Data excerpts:
..........

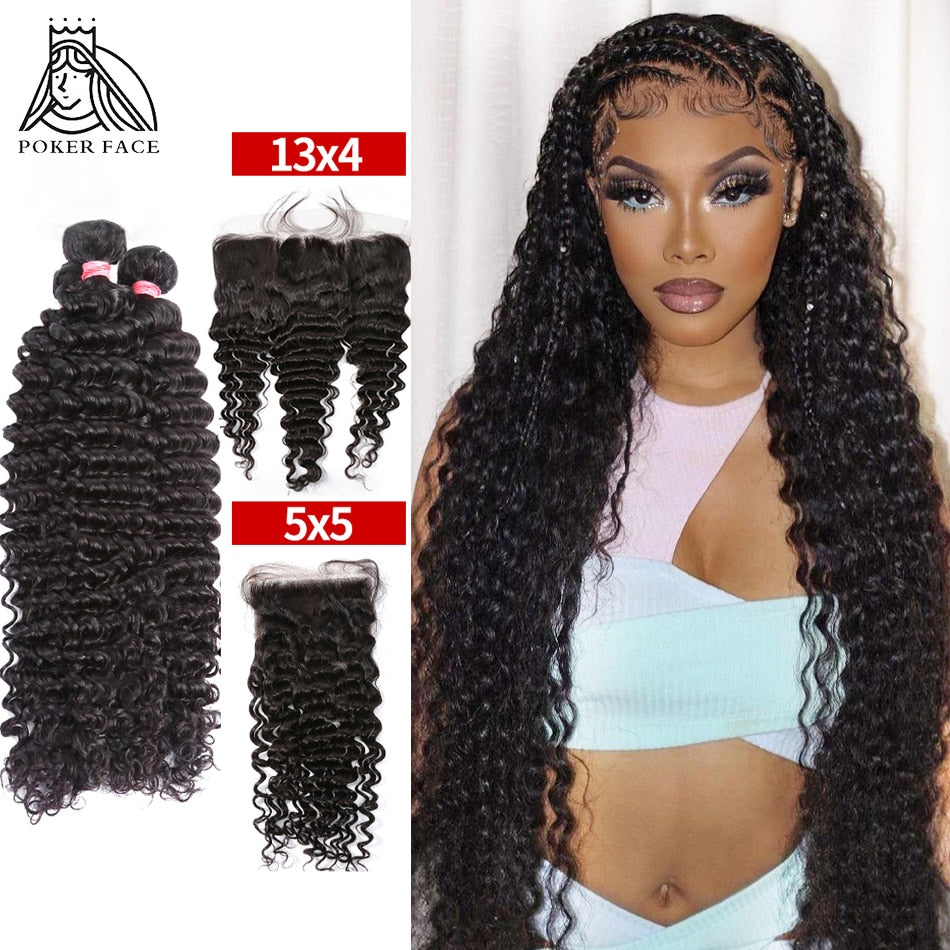 Transparent Lace Closure Brazilian Curly Human Hair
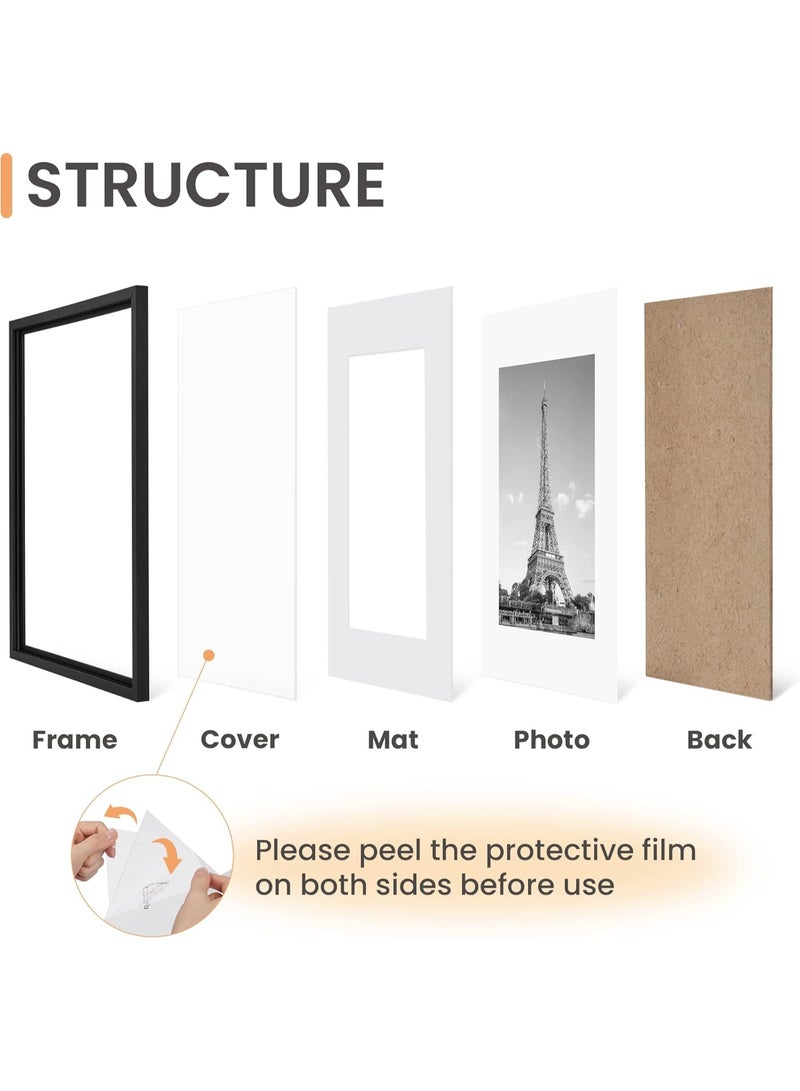 Soofam A4 Picture Frame Set of 5, Display Pictures 6x8 with Mat or 8.3x11.7 Without Mat, Wall Gallery Poster Frames, Black - Image 3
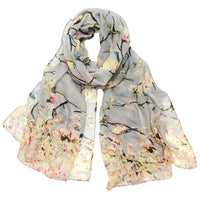 Wrapables Lightweight Vintage Floral Bird Print Long Scarf: Gray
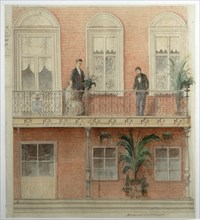 The Balcony Project for the Schwarz Family's House in the Estate Bely Kolodets, 1875. Artist: Litovchenko, Alexander Dmitrievich (1835-1890)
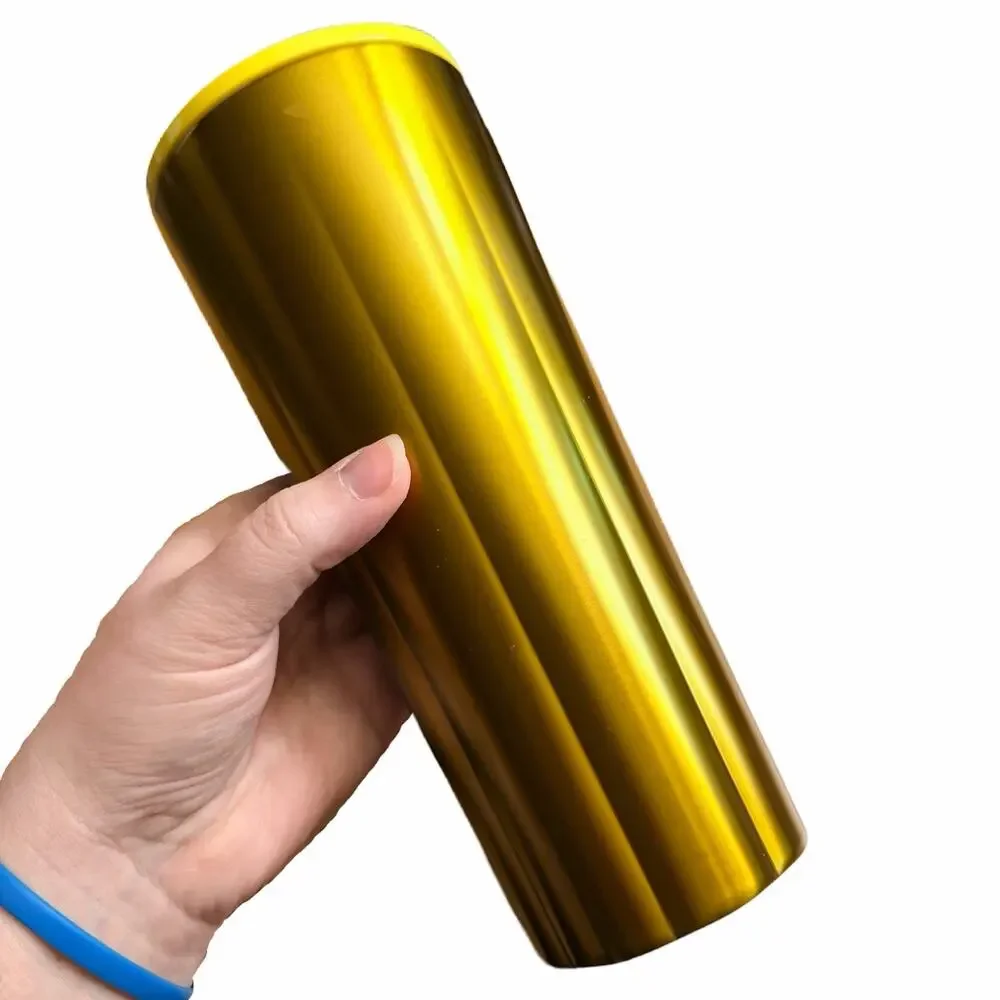 Starbucks 2022 Collection Green Yellow Metal Tumbler 24oz Venti No Straw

..........

Your copy of the records must match them exactly, except that no pictures appear in it.

 Transparent Lace Closure Brazilian Curly Human Hair
 Soofam A4 Picture Frame Set of 5, Display Pictures 6x8 with Mat or 8.3x11.7 Without Mat, Wall Gallery Poster Frames, Black - Image 3
 Wrapables Lightweight Vintage Floral Bird Print Long Scarf: Gray
 The Balcony Project for the Schwarz Family's House in the Estate Bely Kolodets, 1875. Artist: Litovchenko, Alexander Dmitrievich (1835-1890)
 Starbucks 2022 Collection Green Yellow Metal Tumbler 24oz Venti No Straw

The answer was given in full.